Each record needs to be retyped exactly, though its pictures should not appear.

(Short web captions)
---

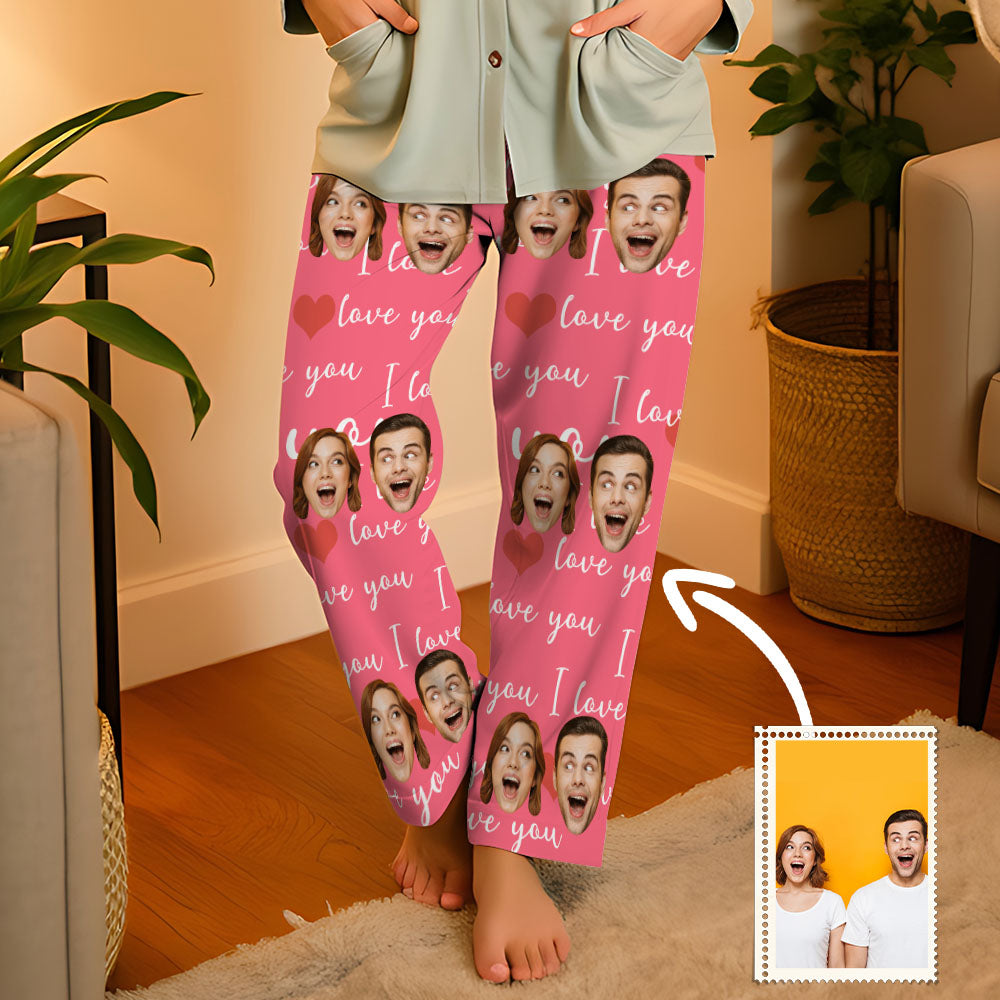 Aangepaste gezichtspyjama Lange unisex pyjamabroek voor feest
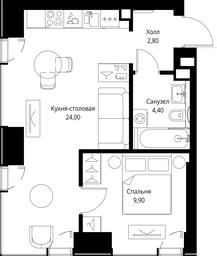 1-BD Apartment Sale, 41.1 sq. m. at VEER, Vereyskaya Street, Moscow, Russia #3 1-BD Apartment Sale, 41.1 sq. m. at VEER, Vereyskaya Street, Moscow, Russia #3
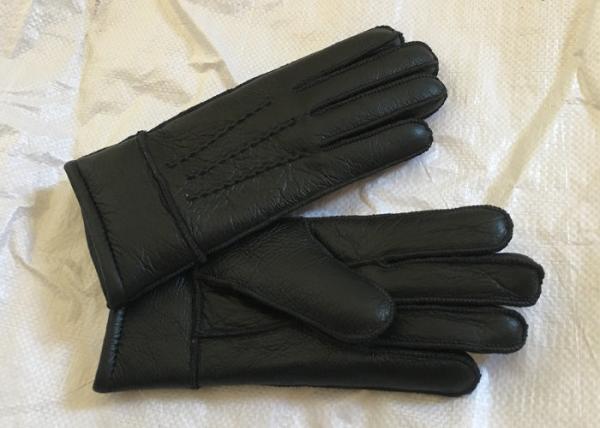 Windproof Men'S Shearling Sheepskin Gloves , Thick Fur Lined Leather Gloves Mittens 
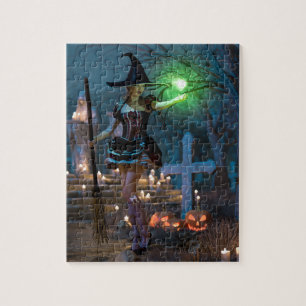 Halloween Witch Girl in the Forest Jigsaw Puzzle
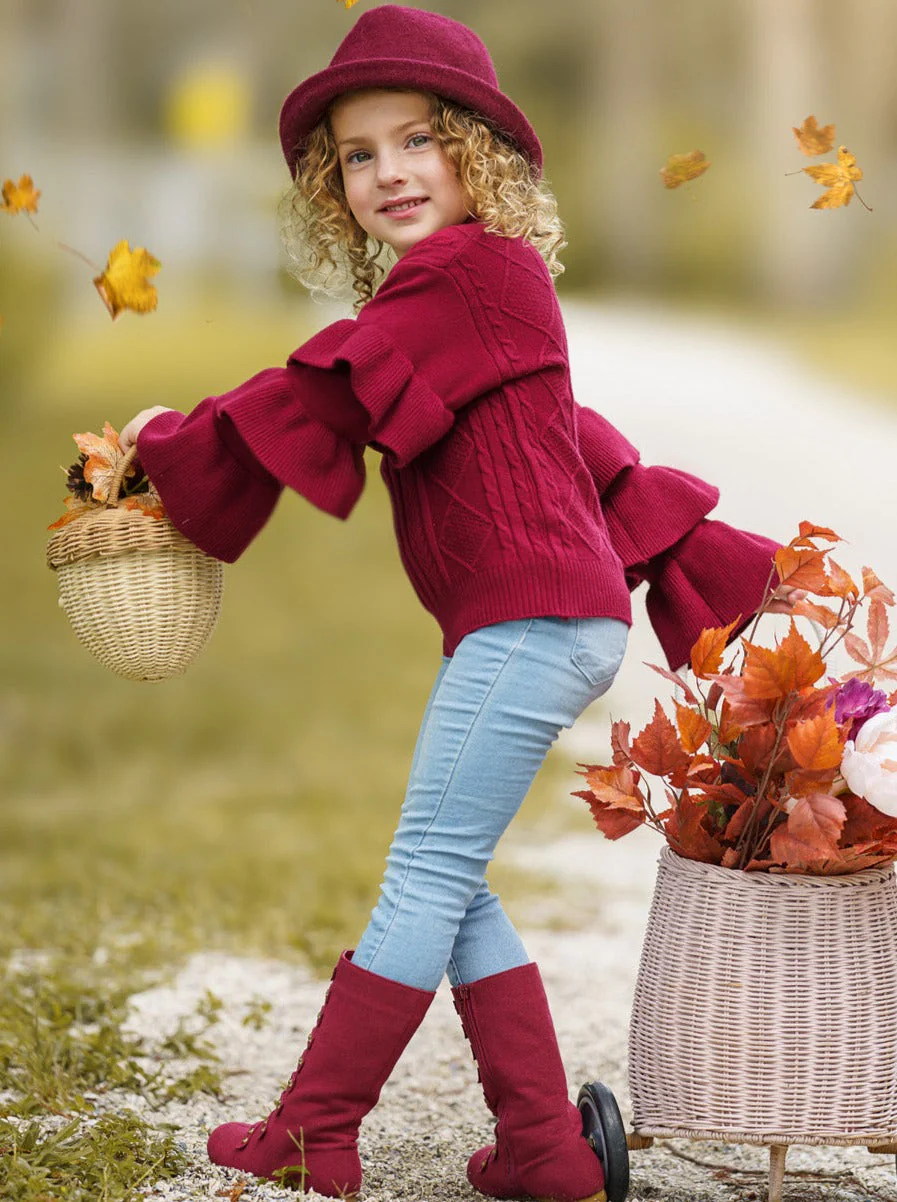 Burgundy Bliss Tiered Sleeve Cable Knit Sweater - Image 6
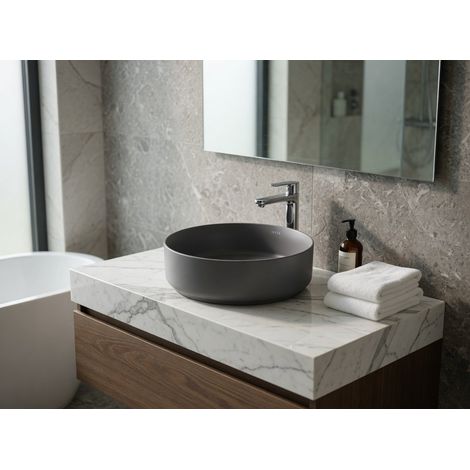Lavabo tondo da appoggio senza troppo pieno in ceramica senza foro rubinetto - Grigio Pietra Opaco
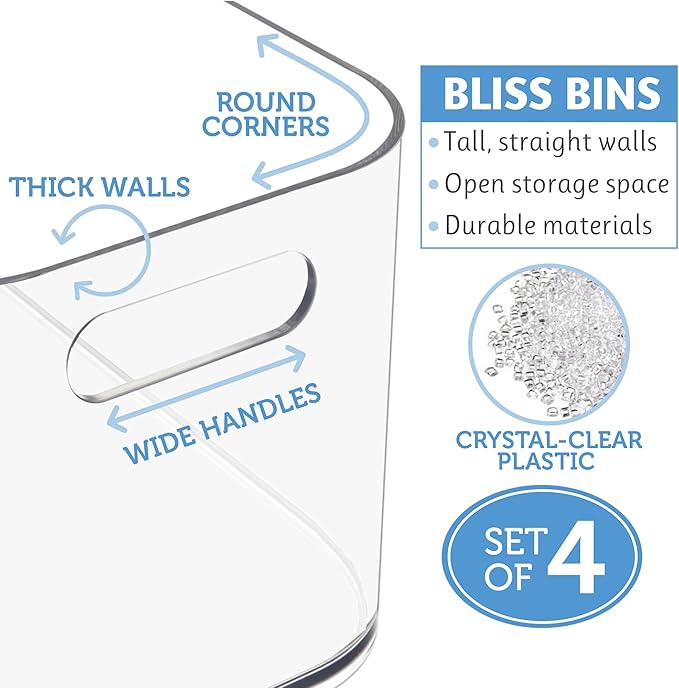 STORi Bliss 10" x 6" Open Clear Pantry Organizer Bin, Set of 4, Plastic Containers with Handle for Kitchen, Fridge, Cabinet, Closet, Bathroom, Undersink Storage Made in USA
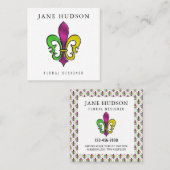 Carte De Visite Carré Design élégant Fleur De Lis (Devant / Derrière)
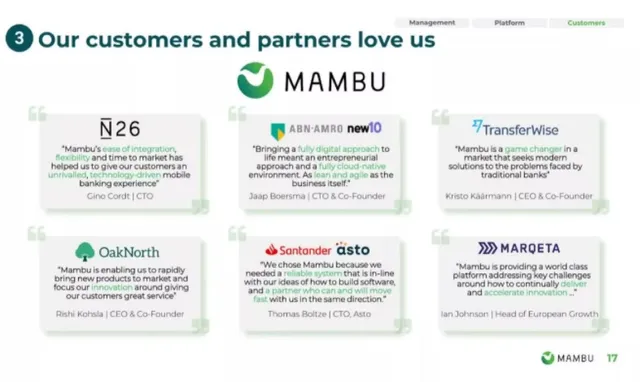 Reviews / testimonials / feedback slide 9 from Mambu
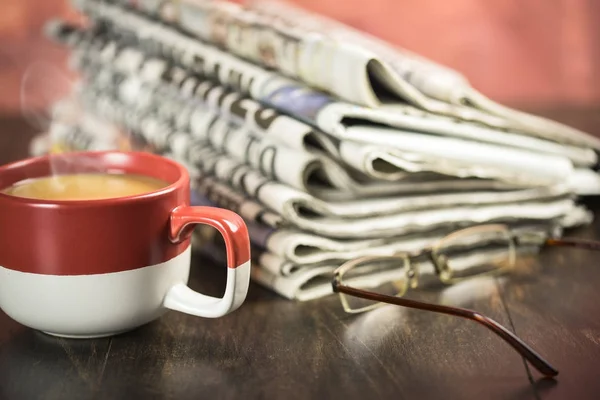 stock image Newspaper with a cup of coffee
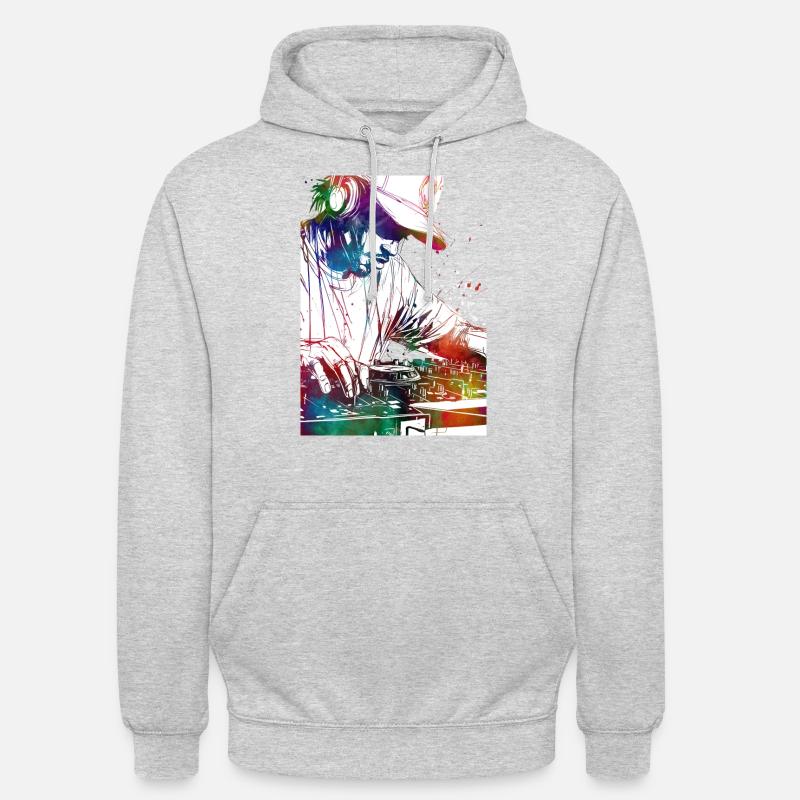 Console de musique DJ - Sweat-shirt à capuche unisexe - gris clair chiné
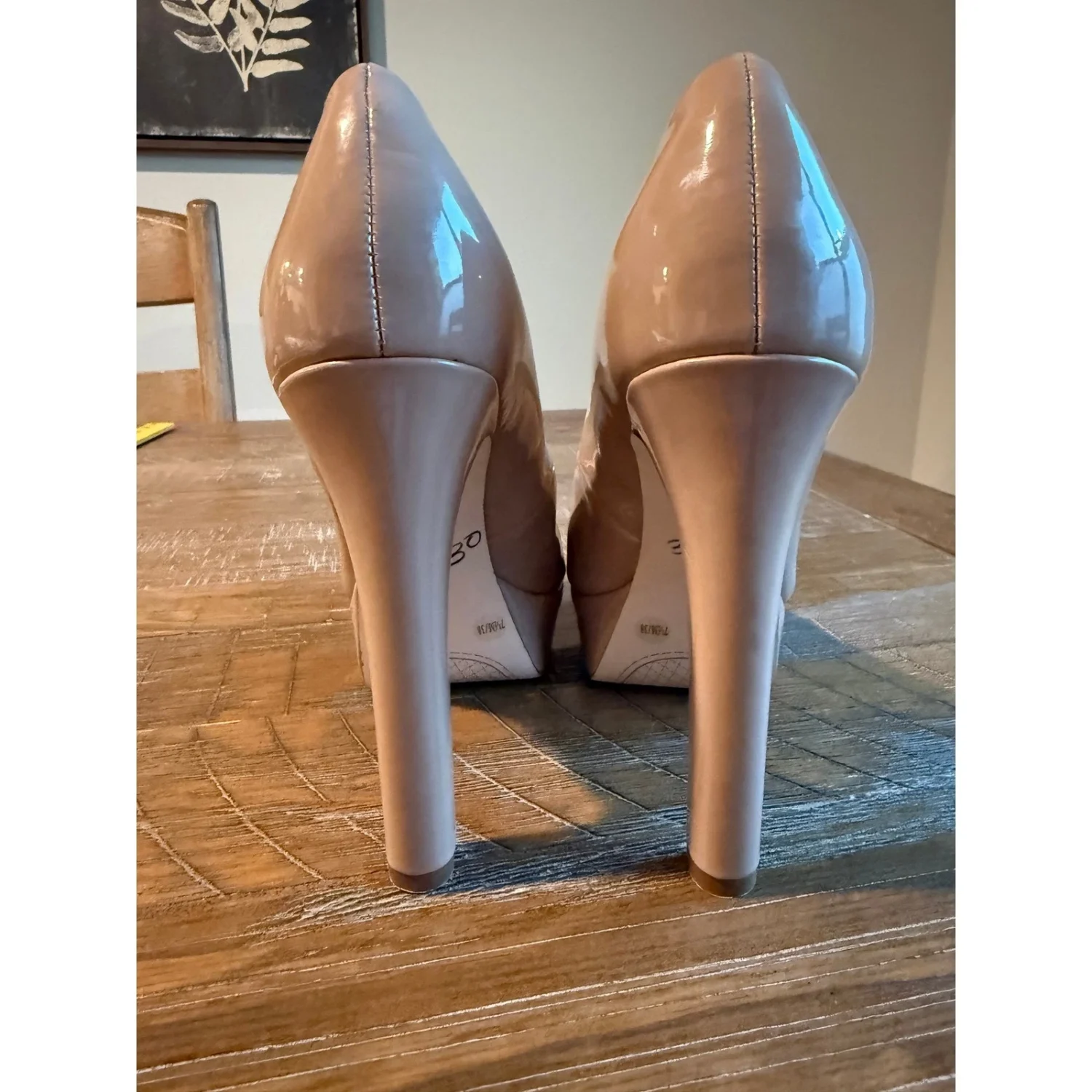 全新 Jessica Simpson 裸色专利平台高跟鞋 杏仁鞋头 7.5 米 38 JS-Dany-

---

#### [RESPONSE]
 Aangepaste gezichtspyjama Lange unisex pyjamabroek voor feest
 1-BD Apartment Sale, 41.1 sq. m. at VEER, Vereyskaya Street, Moscow, Russia #3 1-BD Apartment Sale, 41.1 sq. m. at VEER, Vereyskaya Street, Moscow, Russia #3
 Windproof Men'S Shearling Sheepskin Gloves , Thick Fur Lined Leather Gloves Mittens 
 Halloween Witch Girl in the Forest Jigsaw Puzzle
 Burgundy Bliss Tiered Sleeve Cable Knit Sweater - Image 6
Lavabo tondo da appoggio senza troppo pieno in ceramica senza foro rubinetto - Grigio Pietra Opaco
 STORi Bliss 10" x 6" Open Clear Pantry Organizer Bin, Set of 4, Plastic Containers with Handle for Kitchen, Fridge, Cabinet, Closet, Bathroom, Undersink Storage Made in USA
 Carte De Visite Carré Design élégant Fleur De Lis (Devant / Derrière)
 Reviews / testimonials / feedback slide 9 from Mambu
 stock image Newspaper with a cup of coffee
 Console de musique DJ - Sweat-shirt à capuche unisexe - gris clair chiné
 全新 Jessica Simpson 裸色专利平台高跟鞋 杏仁鞋头 7.5 米 38 JS-Dany-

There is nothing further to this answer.